Decision letter after peer review:

Thank you for submitting your article "Identical sequences found in distant genomes reveal frequent horizontal transfer across the bacterial domain" for consideration by eLife. Your article has been reviewed by 3 peer reviewers, including Richard A Neher as the Reviewing Editor and Reviewer #1, and the evaluation has been overseen by Gisela Storz as the Senior Editor.

The reviewers have discussed the reviews with one another and the Reviewing Editor has drafted this decision to help you prepare a revised submission.
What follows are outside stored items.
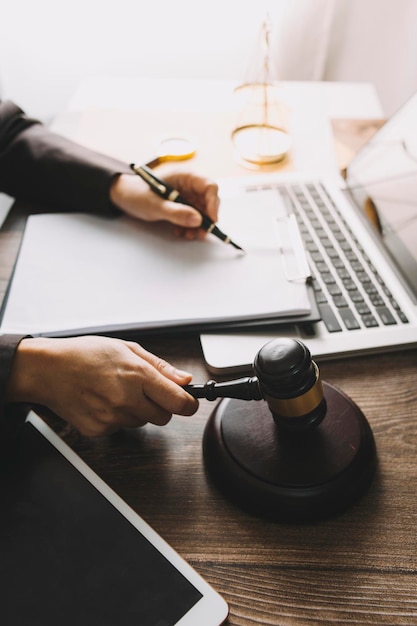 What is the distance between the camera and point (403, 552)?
1.55ft

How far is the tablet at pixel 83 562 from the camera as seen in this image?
0.42 m

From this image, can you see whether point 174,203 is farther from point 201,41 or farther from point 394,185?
point 201,41

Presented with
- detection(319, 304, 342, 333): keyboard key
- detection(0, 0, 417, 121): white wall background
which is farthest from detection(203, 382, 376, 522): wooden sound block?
detection(0, 0, 417, 121): white wall background

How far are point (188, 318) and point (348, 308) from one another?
20 centimetres

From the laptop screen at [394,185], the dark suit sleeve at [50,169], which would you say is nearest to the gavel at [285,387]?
the laptop screen at [394,185]

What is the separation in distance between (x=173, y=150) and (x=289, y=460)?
74cm

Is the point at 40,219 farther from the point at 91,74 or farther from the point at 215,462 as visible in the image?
the point at 91,74

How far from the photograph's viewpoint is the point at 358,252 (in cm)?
79

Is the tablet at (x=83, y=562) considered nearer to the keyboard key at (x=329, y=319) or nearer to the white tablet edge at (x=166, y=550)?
the white tablet edge at (x=166, y=550)

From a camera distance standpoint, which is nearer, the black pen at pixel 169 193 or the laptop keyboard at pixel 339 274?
the laptop keyboard at pixel 339 274

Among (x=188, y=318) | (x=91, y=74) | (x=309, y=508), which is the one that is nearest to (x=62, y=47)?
(x=91, y=74)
As the editors have judged that your manuscript is of interest, but as described below that additional analyses are required before it is published, we would like to draw your attention to changes in our revision policy that we have made in response to COVID-19 (https://elifesciences.org/articles/57162). First, because many researchers have temporarily lost access to the labs, we will give authors as much time as they need to submit revised manuscripts. We are also offering, if you choose, to post the manuscript to bioRxiv (if it is not already there) along with this decision letter and a formal designation that the manuscript is "in revision at eLife". Please let us know if you would like to pursue this option.

Summary:

Sheinman and colleagues investigate long stretches of identical sequences found in genome assemblies of bacteria across genera. They show that such shared identical sequence fragments exist even between evolutionarily very distant species and that the length distribution of these stretches follows a universal form given by an inverse third power. This dependence can be explained by a model assuming that identical stretches originating from horizontally transferred segments are broken up into smaller fragments by point mutations. The inferred rate of exchange shows systematic patterns and is higher between taxonomically closer species.

Essential revisions:

All reviewers agreed that this manuscript presents an interesting and original approach to an important topic in bacterial evolution, but raised a number of concerns regarding the robustness of the results that need to be addressed and suggested how the presentation of the results could be improved.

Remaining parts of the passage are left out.